On raconte qu’un groupe d’hommes parlaient de gens qui avaient influencé leur vie et pour qui ils éprouvaient de la reconnaissance. L’un a pensé à son professeur de lycée qui lui avait fait découvrir le poète Tennyson. Il a décidé de lui écrire pour la remercier. Plus tard, il a reçu une réponse du professeur, tracée d’une écriture mal assurée:

«Mon cher Willie,

«Je ne puis vous dire ce que votre petit mot signifie pour moi. J’ai plus de 80 ans. Je vis seule dans une pièce. Je fais ma cuisine, solitaire comme la dernière feuille qui reste accrochée à la branche. J’ai enseigné pendant cinquante ans, et votre lettre de remerciement est la première que je reçois. Elle m’est parvenue par un matin froid et déprimant, et elle m’a fait plus plaisir que quoi que ce soit depuis des années.»

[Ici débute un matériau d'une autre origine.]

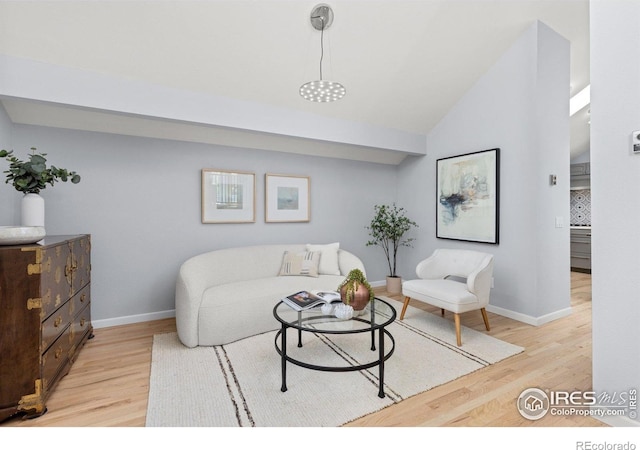 3075 Galena Way, Boulder, CO 80305 - living area with light wood finished floors, baseboards, and high vaulted ceiling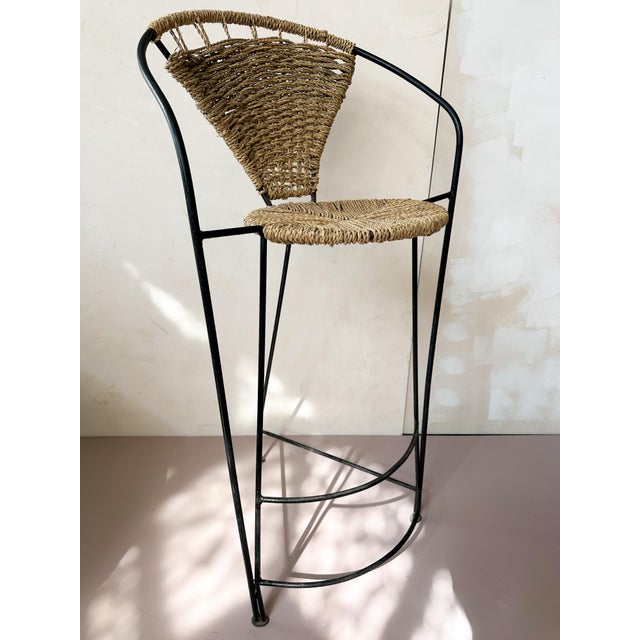 Contemporary stool featuring a metal structure combined with a woven rope seat. The design reflects a minimalist and...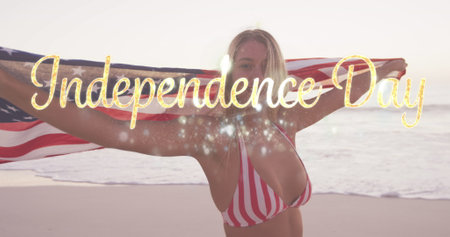 Image of independence day text over smiling woman wrapped in american flag on beach. usa patriotism and democracy concept digitally generated image.の写真素材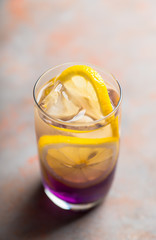 Gin based colorful cocktail with lemon and lavender liqueur on the rustic background. Selective focus. Shallow depth of field.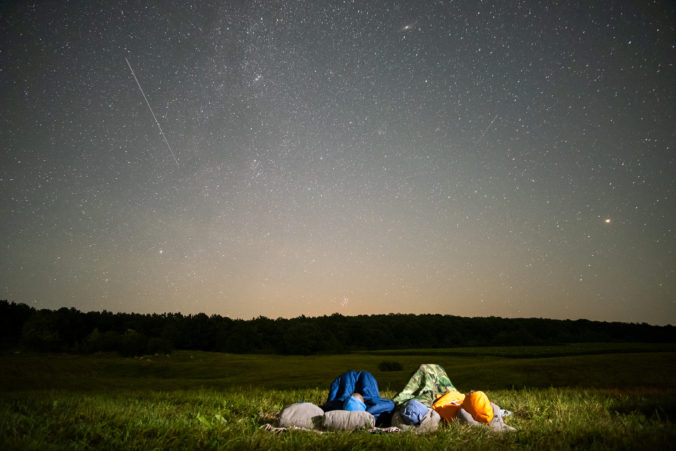 People resting in night field observing dark sky with many bright stars.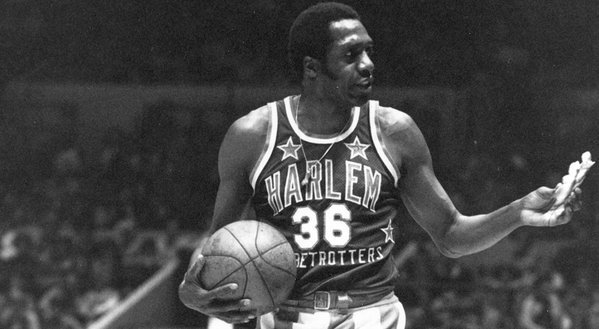 Meadowlark Lemon offers a pretzel to a referee during a Harlem Globetrotters game in 1978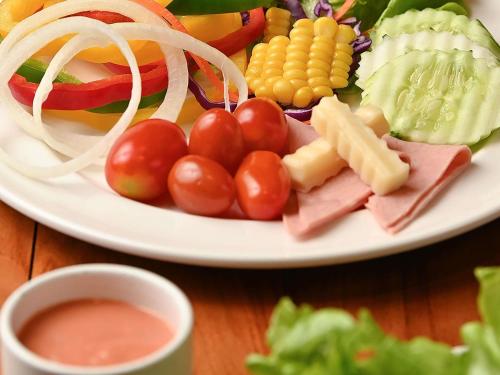 a plate of food with tomatoes and cheese and vegetables at Novotel Living Bangkok Sukhumvit Legacy in Bangkok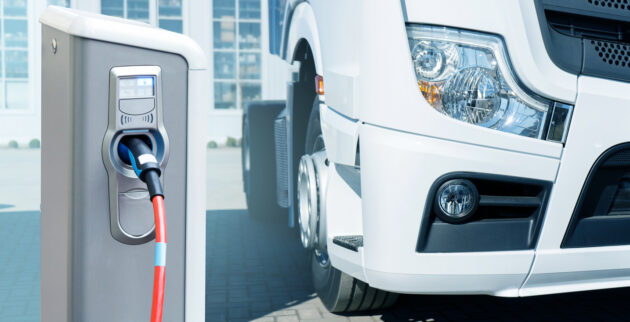 Electric vehicles charging station on a background of a truck alternate text for this image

Nous avons une dette éternelle à l’égard de tous ceux, passés et présents, qui ont tant donné d’eux-mêmes, afin que nous ayons tant nous-mêmes.

Troisièmement, exprimons nos remerciements à nos camarades. Les années d’adolescence peuvent être difficiles pour les jeunes comme pour leurs parents. C’est une période éprouvante dans la vie d’un garçon ou d’une fille. Chaque garçon veut être sélectionné dans l’équipe de football, chaque fille veut être une reine de beauté. L’expression «Il y a beaucoup d’appelés, mais peu d’élus12», pourrait s’appliquer ici.

Je vais vous raconter un miracle moderne qui s’est produit il y a à peu près un an au lycée de Murray, près de Salt Lake City. Il n’y a eu que des gagnants, pas de perdant.

L’événement a été rapporté dans un article de journal intitulé «Le véritable esprit de la fête de la rentrée. Les élèves élisent deux jeunes filles handicapées reines du lycée». L’article poursuivait: «Ted et Ruth Eyre ont fait ce qu’auraient fait n’importe quels parents. Quand leur fille, Shellie, a été sélectionnée pour la finale de l’élection de la reine de la fête de la rentrée du lycée de Murray, ils lui ont conseillé de faire preuve de fair-play si elle ne gagnait pas. Ils lui ont expliqué qu’il n’y aurait qu’une reine pour dix candidates … Mais quand les représentants des élèves ont couronné la reine de la fête de l’école et ses dauphines, dans le gymnase, jeudi soir, Shellie Eyre s’est sentie pleinement acceptée. Cette élève de dernière année, âgée de dix-sept ans, trisomique, a été élue par ses camarades reine de la fête de la rentrée … Quand Ted Eyre a escorté sa fille au milieu du gymnase pour la présentation des candidates, ils ont été salués par un tonnerre d’applaudissements et un vacarme assourdissant. Les spectateurs étaient tous debout … »

La même ovation a été réservée aux dauphines de Shellie, dont l’une, April Perschon, souffre de handicaps mentaux et physiques occasionnés par une hémorragie cérébrale subie à l’âge de dix ans.

Quand les applaudissements ont cessé, le proviseur-adjoint, Glo Merrill, a déclaré: «‹Ce soir … les élèves ont voté pour la beauté intérieure.› … Manifestement émus, les parents, le personnel administratif du lycée et les élèves n’ont pu retenir leurs larmes. Une lycéenne a déclaré: ‹Je suis tellement heureuse. J’ai pleuré quand elles se sont présentées. Notre lycée est formidable d’avoir fait ça13.›»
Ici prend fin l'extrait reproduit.